----- EXTRACTED RECORDS
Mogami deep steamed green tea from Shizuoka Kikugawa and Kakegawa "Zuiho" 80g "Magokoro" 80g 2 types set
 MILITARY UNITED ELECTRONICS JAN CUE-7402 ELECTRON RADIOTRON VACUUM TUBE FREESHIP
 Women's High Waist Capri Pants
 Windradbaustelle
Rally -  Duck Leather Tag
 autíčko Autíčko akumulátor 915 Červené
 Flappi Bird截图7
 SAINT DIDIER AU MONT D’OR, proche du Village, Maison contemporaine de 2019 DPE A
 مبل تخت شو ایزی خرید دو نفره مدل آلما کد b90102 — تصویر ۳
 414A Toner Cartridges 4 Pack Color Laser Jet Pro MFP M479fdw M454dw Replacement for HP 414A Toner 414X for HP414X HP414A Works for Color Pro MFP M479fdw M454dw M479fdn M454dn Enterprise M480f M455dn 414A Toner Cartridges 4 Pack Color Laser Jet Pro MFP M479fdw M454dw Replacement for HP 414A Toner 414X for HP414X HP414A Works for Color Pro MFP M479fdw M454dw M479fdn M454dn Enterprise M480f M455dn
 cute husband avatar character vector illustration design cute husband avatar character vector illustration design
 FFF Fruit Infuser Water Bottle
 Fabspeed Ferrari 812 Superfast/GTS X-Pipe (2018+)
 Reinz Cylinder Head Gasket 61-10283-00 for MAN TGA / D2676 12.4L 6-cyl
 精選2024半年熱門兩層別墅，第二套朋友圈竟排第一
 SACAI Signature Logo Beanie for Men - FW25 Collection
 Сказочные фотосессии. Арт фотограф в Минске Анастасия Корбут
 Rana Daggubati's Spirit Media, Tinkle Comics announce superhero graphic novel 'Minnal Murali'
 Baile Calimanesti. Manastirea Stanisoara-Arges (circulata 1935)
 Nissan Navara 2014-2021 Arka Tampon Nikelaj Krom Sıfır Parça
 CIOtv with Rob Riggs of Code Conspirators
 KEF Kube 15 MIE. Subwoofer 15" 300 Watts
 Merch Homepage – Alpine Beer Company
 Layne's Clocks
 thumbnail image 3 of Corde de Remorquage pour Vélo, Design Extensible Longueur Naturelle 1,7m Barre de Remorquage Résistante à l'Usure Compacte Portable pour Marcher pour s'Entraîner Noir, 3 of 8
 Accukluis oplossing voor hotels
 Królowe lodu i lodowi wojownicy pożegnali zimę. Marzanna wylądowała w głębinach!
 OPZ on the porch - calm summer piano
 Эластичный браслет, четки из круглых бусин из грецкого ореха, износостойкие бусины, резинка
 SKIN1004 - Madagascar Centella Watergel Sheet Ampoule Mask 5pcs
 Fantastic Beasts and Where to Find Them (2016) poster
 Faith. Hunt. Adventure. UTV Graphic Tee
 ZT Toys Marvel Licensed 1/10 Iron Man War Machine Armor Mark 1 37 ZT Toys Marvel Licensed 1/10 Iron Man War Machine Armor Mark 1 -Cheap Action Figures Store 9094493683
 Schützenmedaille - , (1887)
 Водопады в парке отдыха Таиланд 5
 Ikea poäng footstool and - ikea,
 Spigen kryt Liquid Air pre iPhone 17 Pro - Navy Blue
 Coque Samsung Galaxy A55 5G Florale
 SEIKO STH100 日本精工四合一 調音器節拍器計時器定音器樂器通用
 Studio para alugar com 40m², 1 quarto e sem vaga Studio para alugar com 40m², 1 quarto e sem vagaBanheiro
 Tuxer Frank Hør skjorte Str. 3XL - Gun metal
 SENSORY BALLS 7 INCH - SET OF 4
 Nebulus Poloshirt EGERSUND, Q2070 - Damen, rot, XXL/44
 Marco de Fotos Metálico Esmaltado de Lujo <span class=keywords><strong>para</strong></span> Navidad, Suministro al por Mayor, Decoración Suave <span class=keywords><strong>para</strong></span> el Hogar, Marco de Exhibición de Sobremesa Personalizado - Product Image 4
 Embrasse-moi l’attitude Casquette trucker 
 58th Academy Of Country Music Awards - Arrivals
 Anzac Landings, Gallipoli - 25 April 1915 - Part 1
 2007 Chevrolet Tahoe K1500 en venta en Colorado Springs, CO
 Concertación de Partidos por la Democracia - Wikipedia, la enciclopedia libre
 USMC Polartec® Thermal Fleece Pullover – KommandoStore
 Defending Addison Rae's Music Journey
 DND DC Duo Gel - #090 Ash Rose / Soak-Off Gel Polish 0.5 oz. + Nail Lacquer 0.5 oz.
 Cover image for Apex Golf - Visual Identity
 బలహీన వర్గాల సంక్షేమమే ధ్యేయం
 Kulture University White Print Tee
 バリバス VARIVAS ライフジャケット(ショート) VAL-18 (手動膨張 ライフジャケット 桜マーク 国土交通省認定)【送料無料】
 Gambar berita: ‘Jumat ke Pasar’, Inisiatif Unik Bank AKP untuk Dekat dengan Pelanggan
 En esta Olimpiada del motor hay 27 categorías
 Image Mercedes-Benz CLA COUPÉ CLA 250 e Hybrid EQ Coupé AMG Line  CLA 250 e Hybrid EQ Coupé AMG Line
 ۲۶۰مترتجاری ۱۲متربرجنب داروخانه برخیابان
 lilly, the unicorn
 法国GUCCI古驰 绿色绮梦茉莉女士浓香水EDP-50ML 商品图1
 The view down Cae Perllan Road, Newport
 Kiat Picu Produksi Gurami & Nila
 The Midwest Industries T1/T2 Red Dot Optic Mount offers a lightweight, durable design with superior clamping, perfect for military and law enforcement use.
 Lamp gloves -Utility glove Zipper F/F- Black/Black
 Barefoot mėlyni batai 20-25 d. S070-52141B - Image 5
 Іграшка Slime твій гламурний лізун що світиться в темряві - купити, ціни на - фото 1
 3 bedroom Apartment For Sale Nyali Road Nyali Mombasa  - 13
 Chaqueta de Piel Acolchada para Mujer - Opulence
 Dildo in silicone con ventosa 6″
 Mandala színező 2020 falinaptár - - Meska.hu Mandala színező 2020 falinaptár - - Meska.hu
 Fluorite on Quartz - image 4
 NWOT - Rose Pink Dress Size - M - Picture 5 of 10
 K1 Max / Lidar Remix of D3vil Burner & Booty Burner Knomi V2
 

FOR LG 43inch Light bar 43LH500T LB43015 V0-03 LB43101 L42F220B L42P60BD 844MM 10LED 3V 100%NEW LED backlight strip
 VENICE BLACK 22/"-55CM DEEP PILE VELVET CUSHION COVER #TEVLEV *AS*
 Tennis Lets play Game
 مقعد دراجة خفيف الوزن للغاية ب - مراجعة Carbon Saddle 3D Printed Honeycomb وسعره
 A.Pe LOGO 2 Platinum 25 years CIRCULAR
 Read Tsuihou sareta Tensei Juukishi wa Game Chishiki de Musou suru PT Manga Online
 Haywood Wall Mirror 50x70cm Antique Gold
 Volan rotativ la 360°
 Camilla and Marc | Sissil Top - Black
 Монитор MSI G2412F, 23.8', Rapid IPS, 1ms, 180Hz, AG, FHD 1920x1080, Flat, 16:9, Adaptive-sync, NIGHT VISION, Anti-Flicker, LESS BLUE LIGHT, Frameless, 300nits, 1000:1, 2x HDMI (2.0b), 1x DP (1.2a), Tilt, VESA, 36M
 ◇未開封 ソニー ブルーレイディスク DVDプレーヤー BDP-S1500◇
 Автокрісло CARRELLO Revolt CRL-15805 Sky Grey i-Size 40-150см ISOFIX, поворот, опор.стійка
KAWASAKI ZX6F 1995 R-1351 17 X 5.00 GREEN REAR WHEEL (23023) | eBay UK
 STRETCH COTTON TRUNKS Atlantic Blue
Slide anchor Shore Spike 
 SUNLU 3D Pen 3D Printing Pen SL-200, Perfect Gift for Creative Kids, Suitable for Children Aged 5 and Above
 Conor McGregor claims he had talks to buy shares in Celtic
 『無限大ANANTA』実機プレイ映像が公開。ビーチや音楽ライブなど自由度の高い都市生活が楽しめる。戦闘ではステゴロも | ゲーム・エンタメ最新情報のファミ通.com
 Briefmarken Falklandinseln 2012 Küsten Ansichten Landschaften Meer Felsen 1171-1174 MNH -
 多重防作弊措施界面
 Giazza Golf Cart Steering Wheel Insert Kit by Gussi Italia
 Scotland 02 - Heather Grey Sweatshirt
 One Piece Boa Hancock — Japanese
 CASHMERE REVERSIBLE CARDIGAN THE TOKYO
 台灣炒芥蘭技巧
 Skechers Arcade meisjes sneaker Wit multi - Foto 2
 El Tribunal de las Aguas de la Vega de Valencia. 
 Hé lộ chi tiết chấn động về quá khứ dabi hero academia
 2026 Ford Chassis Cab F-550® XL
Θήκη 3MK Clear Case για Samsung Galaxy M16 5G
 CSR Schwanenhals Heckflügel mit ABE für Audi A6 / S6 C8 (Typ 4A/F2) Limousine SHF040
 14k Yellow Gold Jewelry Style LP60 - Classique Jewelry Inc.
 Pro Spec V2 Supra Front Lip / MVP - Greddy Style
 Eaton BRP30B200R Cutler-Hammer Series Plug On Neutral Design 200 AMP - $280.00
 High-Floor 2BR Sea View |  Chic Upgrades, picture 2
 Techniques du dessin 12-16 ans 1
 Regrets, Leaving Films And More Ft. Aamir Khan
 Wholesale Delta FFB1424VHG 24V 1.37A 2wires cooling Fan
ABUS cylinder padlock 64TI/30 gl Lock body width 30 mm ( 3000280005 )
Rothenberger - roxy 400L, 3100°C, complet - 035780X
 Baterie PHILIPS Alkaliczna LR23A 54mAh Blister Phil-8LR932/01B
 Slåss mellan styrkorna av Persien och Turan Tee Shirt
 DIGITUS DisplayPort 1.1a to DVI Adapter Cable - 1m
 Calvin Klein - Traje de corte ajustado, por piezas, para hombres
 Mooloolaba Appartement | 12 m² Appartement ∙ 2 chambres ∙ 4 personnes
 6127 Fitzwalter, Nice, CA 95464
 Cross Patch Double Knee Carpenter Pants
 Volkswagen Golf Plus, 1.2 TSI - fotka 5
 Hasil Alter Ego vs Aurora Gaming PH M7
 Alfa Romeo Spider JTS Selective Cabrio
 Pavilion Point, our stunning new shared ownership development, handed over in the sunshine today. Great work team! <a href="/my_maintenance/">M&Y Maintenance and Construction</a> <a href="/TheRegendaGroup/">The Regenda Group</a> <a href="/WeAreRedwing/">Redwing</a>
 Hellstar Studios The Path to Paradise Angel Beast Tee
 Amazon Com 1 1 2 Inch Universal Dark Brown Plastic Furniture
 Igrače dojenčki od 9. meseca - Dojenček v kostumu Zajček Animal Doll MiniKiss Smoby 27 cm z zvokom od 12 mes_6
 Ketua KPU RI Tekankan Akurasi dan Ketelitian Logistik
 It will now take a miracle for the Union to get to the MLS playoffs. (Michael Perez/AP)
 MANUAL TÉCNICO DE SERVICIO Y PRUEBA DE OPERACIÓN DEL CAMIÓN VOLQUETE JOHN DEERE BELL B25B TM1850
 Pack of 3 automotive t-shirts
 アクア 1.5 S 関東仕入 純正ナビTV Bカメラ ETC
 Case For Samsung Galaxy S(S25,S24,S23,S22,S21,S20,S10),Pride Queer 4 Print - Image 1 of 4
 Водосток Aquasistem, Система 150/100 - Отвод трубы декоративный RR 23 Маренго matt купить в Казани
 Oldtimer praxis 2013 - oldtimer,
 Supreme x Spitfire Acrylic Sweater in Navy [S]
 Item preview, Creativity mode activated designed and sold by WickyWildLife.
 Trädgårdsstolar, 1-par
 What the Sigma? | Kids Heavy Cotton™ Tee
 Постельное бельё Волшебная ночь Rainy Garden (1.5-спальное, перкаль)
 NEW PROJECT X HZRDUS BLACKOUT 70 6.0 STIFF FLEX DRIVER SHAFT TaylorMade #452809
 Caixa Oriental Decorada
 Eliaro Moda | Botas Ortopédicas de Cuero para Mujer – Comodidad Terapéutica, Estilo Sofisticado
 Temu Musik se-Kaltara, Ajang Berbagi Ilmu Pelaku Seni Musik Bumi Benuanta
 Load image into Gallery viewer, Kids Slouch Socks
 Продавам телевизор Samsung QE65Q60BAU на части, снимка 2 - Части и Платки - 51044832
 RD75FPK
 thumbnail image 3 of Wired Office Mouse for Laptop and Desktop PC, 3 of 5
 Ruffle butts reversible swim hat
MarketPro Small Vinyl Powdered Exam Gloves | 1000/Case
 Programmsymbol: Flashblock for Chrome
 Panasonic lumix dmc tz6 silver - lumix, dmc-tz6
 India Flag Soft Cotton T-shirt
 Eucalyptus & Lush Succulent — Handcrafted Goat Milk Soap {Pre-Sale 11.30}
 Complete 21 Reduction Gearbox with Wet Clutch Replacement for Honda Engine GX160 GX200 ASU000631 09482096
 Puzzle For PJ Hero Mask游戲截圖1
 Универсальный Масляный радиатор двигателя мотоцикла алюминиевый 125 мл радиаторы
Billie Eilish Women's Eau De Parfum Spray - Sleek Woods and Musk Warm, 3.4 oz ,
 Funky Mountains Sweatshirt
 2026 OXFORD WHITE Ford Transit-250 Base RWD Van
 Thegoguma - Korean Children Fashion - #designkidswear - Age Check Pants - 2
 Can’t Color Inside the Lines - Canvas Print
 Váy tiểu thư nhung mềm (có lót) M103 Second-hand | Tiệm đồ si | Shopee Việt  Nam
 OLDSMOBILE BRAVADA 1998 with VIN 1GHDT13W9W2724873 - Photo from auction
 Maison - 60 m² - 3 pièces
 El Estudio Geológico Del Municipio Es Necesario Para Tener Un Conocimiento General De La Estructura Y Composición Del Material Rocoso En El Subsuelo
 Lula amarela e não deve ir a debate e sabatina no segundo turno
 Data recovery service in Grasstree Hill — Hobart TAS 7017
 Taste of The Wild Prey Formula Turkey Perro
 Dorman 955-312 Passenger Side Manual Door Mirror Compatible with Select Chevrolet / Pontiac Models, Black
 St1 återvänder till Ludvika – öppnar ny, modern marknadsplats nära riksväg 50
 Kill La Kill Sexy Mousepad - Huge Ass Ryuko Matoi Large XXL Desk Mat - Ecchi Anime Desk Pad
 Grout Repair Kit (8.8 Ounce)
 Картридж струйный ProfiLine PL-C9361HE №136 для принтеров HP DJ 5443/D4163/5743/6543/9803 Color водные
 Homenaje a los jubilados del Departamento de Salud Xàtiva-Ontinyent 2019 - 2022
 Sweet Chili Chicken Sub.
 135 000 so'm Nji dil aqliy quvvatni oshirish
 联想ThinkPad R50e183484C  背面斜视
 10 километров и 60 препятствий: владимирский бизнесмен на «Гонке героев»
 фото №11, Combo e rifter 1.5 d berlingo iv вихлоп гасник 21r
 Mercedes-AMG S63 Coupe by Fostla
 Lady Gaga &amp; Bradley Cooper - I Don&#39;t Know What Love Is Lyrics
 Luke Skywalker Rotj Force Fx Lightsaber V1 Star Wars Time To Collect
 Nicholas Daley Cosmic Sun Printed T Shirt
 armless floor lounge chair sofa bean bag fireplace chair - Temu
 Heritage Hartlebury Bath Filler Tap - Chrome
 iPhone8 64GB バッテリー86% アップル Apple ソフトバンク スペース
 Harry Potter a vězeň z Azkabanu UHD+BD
----------
- _WHAT THIS TASK INVOLVES_:
Check each line in the entries above for the string "Case", then give the number of matching lines alone.

- _RESPONSE TO THE EXERCISE_:
3